§ **Directions for this task**: Copy exactly, and copy only, the lines from the one bearing "Проучване: Готвенето у" through the final line of the records.

== Records to use ==

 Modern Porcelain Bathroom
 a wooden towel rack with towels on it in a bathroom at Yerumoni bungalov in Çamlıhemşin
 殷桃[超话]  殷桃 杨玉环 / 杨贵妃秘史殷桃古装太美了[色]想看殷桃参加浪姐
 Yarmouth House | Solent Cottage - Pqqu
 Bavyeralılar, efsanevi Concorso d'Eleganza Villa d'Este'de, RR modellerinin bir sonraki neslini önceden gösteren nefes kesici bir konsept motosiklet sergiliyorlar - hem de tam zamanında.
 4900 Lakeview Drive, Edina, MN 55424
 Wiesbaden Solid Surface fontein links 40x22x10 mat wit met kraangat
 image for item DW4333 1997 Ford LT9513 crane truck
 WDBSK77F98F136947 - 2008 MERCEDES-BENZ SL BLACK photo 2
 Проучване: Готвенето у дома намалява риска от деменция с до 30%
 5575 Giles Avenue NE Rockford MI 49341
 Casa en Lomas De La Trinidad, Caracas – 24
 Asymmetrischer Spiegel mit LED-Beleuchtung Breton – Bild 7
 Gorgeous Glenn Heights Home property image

===

§ **Response to this task**:
 Проучване: Готвенето у дома намалява риска от деменция с до 30%
 5575 Giles Avenue NE Rockford MI 49341
 Casa en Lomas De La Trinidad, Caracas – 24
 Asymmetrischer Spiegel mit LED-Beleuchtung Breton – Bild 7
 Gorgeous Glenn Heights Home property image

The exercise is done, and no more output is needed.